By Jomar Canlas/Manila Times
The Supreme Court is set to enforce a stricter dress code as Chief Justice Lucas Bersamin ordered a “no minis, no t-shirt” policy for all court officials and employees nationwide.
Bersamin gave the directive during his visit at the Quezon City Hall of Justice where he began his judicial career in November 1986 at the age of 37 and where he served for almost 17 years.
In his speech before Quezon City judges and police, Bersamin appealed to all court officials and employees to wear decent and presentable clothes.
“It is high time to bring back the image of the judiciary that is well respected and conscious of its place in the society,” Bersamin said. The chief justice said this would be the start of his house cleaning, aside from the main target of weeding out erring and corrupt judges and court employees.
He said that wearing shorts and round neck t-shirts would no longer be allowed, and wearing miniskirts, particularly “microminis,” would be strongly discouraged. “For the male employee of the judiciary, your shirts should have collar. No loud colours please,” he said.
Women, Bersamin said should wear clothes with sleeves. If ever they would wear sleeveless clothes, it must be accompanied with coat or blazers to be more respectable.
“I appeal to you. No more t-shirts. If you are female, and are wearing collarless shirt, please wear blazer (over it). This is a small thing I am asking of you. Next 10 months please do it for my sake,” Bersamin said.
Bersamin will serve for 11 months as he is due for retirement in October 2019.
During his first flag ceremony upon assumption last November to the highest post in the judiciary, Bersamin had asked all court employees to stop using cellular phones in public places.
He renewed his directive and call for the regulated use of cellular phones of court officials and employees.

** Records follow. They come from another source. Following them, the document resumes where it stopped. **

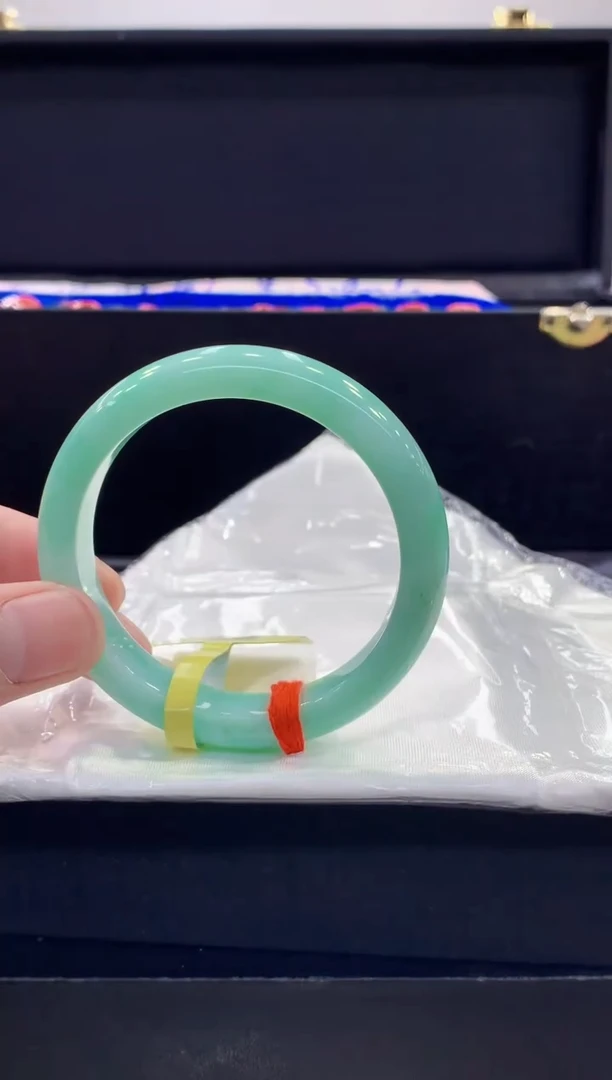 未镶嵌手镯翡翠翡翠手镯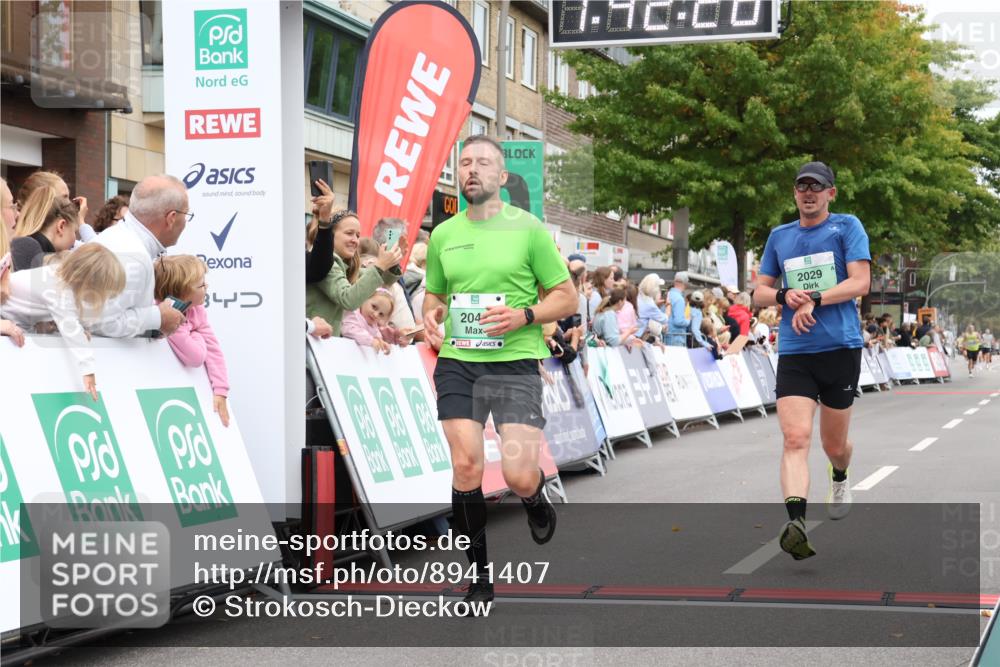 21.09.2025 - PSD Bank Halbmarathon Strokosch-Dieckow http://msf.ph/oto/8941407 21.09.2025 11:41:52 Ziel 1399, 1758, 1887, 2029, 2043, 3895 meine-sportfotos.de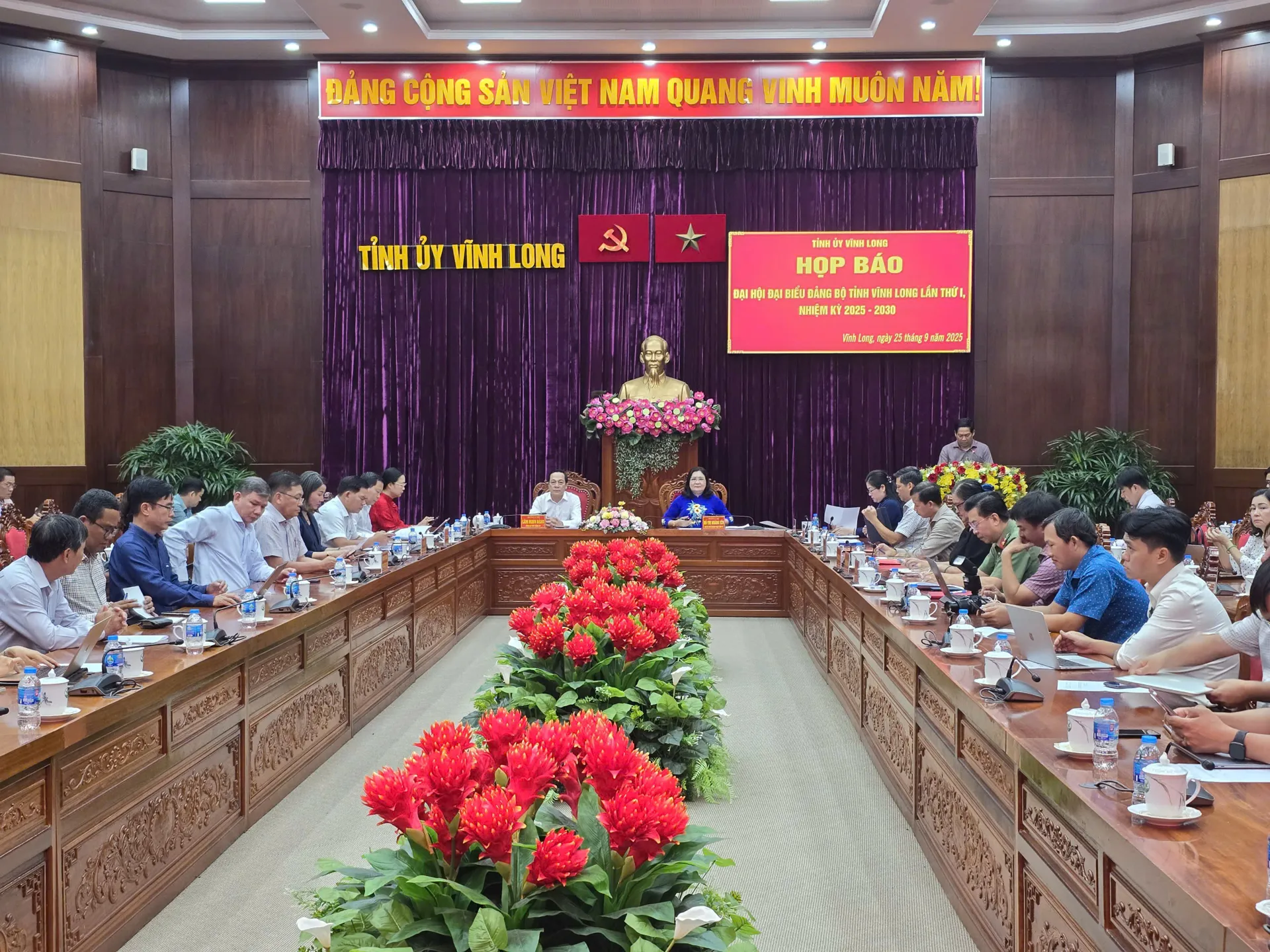 Vĩnh Long phấn đấu trở thành trung tâm kinh tế biển và sản xuất năng lượng tái tạo của vùng
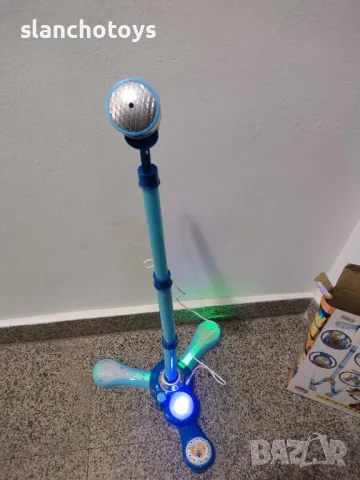 Микрофон на стойка,Миньони, снимка 1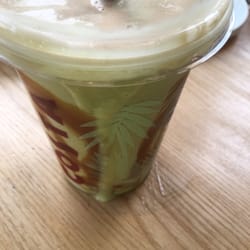 Costa Coffee - Bad quality cup causing leakages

“If you were in the public areas of the court, in the corridors, the lobbies, the elevators do not be caught using your cellphones. If ever the cellphone rings and you are to answer, please go inside the room and conceal yourself from the public and respond to the cellphone. Do not shout within public areas because I do not want to hear people say that court officials and employees are maleducated or uncouth,” Bersamin said.